William’s voice stayed quiet. “He said he’d leave the estate if that made you feel safer. Said he’d dissolve his claim before it even formed.”

“He doesn’t have a claim,” she said sharply.

“No,” William agreed. “But he could have tried to make one. Alphas have done far worse with far less reason.”

Lauren’s chest felt too tight.

“I’m not defending him,” William added. “I’m telling you what he chose.”

She dropped her gaze.

It was easier than looking at William’s face.

“I don’t want to be managed.”

“Then don’t be,” he said. “Say no. Close the door. Opt out of the hour. You’ll never see him unless you open that door first.”

Lauren stared at the edge of the desk. A deep scratch ran along the oak, long and jagged, like someone had pressed a coin into it once out of habit. Not destructive. Just repeated.

She closed her eyes.

Then nodded.

That evening, she found Tyler again, this time in the back garden.

The sun had dipped low, and the light had turned golden, casting long shadows across the herb beds.

The air was crisp but not cold, the scent of hay and pine and something almost like clove drifted faintly from the barn across the hill.

The gravel path crunched softly under her feet as she approached.

He was trimming the rosemary bush when she stepped outside, his movements careful and precise. The sharp, clean scent of the herb filled the air as he worked, and she could see the gentle concentration on his face—the same focused calm he brought to everything.
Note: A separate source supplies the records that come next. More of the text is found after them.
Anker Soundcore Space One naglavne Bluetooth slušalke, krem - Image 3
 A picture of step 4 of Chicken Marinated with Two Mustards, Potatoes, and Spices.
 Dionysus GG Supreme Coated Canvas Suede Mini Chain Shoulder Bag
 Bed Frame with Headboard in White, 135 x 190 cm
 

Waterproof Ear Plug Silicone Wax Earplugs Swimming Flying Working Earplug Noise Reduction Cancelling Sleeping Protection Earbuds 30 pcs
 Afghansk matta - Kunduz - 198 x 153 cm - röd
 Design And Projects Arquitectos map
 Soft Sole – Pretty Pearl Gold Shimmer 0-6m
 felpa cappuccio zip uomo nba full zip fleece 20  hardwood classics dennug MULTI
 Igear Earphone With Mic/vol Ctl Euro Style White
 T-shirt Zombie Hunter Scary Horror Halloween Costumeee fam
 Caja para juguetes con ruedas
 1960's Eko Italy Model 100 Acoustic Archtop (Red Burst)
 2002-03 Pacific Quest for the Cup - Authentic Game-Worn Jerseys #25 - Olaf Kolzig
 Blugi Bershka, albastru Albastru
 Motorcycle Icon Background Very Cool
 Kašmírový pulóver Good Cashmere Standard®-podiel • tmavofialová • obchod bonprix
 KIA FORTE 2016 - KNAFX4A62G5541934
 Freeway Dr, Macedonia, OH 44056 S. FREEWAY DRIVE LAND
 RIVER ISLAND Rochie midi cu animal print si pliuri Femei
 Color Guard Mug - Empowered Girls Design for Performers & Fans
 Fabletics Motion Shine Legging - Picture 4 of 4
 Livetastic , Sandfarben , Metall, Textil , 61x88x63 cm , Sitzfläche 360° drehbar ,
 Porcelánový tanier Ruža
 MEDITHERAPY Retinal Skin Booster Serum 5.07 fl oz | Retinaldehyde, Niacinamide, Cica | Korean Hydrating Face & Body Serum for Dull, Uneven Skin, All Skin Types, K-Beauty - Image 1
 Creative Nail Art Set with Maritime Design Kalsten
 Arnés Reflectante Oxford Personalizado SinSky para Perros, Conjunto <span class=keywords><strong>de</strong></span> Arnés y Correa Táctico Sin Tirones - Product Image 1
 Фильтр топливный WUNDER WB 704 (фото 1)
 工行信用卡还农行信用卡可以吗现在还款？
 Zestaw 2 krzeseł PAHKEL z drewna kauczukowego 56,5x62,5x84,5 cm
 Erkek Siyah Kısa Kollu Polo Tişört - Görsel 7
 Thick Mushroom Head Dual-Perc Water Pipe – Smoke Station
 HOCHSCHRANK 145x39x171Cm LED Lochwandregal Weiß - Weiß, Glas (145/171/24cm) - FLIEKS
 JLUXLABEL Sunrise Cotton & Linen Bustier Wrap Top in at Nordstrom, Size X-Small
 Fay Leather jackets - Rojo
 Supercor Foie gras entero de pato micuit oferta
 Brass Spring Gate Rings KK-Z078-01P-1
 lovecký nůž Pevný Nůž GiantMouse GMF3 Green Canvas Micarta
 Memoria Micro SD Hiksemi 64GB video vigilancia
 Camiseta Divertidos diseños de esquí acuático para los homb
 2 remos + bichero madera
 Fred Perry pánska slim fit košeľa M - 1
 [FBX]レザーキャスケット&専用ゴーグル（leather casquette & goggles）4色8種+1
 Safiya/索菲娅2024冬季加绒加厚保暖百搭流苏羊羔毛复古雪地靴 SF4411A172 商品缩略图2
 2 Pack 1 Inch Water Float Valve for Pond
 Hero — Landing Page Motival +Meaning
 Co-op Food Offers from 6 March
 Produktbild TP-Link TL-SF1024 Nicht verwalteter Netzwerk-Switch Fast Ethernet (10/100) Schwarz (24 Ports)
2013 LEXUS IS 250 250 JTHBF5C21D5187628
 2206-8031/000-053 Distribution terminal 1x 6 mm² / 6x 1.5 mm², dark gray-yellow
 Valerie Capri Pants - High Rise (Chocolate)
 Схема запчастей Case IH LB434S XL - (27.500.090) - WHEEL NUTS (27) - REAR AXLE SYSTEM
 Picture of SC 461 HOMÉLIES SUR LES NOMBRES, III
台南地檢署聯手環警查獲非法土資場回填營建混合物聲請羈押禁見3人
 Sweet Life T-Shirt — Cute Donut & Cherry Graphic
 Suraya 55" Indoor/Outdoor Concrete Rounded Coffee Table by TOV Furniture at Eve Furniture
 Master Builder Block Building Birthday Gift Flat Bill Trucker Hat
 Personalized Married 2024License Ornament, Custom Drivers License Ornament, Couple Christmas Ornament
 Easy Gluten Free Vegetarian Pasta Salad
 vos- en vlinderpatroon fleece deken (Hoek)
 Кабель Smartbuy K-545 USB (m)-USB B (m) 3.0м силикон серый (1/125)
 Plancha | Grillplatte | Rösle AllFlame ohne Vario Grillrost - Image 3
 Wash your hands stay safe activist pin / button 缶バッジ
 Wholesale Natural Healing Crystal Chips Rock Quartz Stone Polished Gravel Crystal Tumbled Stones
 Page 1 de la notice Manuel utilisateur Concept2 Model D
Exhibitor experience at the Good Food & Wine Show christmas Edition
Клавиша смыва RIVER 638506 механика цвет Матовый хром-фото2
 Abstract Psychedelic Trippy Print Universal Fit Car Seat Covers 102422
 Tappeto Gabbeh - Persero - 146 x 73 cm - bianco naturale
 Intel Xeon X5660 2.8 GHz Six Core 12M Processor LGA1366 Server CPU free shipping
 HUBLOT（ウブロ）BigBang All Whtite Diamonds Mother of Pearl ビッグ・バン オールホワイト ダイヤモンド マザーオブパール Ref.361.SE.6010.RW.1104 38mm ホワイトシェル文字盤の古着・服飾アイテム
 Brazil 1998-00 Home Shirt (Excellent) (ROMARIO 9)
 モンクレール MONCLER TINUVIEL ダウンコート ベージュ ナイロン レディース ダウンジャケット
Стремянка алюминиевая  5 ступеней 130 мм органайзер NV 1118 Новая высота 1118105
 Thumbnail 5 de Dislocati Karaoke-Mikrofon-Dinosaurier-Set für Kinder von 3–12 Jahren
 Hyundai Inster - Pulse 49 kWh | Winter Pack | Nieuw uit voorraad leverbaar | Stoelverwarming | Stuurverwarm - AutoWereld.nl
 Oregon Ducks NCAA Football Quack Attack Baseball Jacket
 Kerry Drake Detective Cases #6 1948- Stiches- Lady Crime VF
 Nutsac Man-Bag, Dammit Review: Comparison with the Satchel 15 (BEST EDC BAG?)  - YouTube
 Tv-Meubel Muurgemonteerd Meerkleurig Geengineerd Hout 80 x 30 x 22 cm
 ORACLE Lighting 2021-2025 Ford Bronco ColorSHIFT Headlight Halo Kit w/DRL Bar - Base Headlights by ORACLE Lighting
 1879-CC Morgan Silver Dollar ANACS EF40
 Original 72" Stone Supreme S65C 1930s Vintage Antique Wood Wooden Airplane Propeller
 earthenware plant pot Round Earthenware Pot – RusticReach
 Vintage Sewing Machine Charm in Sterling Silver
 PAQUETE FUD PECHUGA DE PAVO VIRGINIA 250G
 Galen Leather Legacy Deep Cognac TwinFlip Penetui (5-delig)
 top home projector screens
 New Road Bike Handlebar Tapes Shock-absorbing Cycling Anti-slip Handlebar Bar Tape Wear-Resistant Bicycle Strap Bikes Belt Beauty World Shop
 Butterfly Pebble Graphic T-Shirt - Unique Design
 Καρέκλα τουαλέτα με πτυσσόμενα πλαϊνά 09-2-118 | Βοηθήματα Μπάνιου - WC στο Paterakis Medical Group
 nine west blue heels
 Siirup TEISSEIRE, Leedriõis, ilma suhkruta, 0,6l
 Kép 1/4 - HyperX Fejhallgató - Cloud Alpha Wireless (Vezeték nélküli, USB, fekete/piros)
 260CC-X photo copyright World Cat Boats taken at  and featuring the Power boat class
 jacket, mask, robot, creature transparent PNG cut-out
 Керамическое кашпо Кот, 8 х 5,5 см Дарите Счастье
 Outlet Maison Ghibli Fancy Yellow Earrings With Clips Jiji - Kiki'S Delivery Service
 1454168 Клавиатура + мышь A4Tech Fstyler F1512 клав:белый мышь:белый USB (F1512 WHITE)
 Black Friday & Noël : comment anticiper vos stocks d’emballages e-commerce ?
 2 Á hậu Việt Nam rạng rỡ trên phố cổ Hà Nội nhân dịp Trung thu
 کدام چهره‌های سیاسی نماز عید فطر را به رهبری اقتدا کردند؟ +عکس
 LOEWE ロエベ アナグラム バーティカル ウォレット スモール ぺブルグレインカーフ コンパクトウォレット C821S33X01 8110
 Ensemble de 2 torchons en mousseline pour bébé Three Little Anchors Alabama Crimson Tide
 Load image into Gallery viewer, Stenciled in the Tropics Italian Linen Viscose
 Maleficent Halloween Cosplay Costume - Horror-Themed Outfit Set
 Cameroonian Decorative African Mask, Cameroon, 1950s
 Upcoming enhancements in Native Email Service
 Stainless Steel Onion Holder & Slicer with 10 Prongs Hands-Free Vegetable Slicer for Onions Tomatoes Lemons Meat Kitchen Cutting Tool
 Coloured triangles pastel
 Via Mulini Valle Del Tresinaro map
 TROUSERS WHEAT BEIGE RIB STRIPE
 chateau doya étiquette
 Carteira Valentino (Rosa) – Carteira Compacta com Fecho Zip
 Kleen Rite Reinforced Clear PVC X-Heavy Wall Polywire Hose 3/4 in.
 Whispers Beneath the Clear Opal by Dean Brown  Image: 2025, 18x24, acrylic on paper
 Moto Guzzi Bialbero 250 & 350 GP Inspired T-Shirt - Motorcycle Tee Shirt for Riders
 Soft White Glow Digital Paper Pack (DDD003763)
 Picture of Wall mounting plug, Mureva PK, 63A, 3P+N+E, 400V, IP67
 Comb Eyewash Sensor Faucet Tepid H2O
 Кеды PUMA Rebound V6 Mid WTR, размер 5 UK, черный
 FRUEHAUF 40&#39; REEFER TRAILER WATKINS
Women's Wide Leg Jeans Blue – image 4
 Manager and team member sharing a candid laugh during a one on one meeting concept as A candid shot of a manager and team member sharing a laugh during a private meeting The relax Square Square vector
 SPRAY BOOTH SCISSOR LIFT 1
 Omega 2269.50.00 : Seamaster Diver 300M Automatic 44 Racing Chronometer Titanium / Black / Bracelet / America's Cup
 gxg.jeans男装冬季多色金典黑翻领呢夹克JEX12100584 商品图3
“I’m using the hour,” she said.

He didn’t turn. “Yours to use.”

“Stay nearby?”

That made him glance up. “Of course.”

She didn’t say it, but she knew he understood. She’d chosen to let Ryan in. Just for one hour. Just with conditions. Just to see.

Later that evening, Tyler brought her tea again.

Only this time, he didn’t just set it down and leave.

Instead, he settled on the window seat nearby, close enough to be present but far enough to give her space.

She noticed the way he watched her hands as she lifted the cup, not invasive, but attentive.

Like he was cataloguing her comfort level, her stress markers, filing away information for future reference.

“How do you do that?” she asked after a moment.

“Do what?”

“Know what I need before I know it myself.”

Tyler was quiet for a long time, his fingers absently stroking the soft fabric of the cushion beside him.

“I had a sister,” he said finally. “She was an Omega, too. She used to get overwhelmed easily: too much input, too many scents, too many people wanting things from her.” His voice grew softer.

“I learned to read the signs. The way her breathing would change, how she’d hold her shoulders. Small things.”

“Used to?”

“She died in a car accident five years ago.” He looked out the window, his scent carrying a faint note of old grief. “I guess old habits die hard.”

The admission hung between them, explaining so much about his gentle attentiveness, his instinct to create calm around him.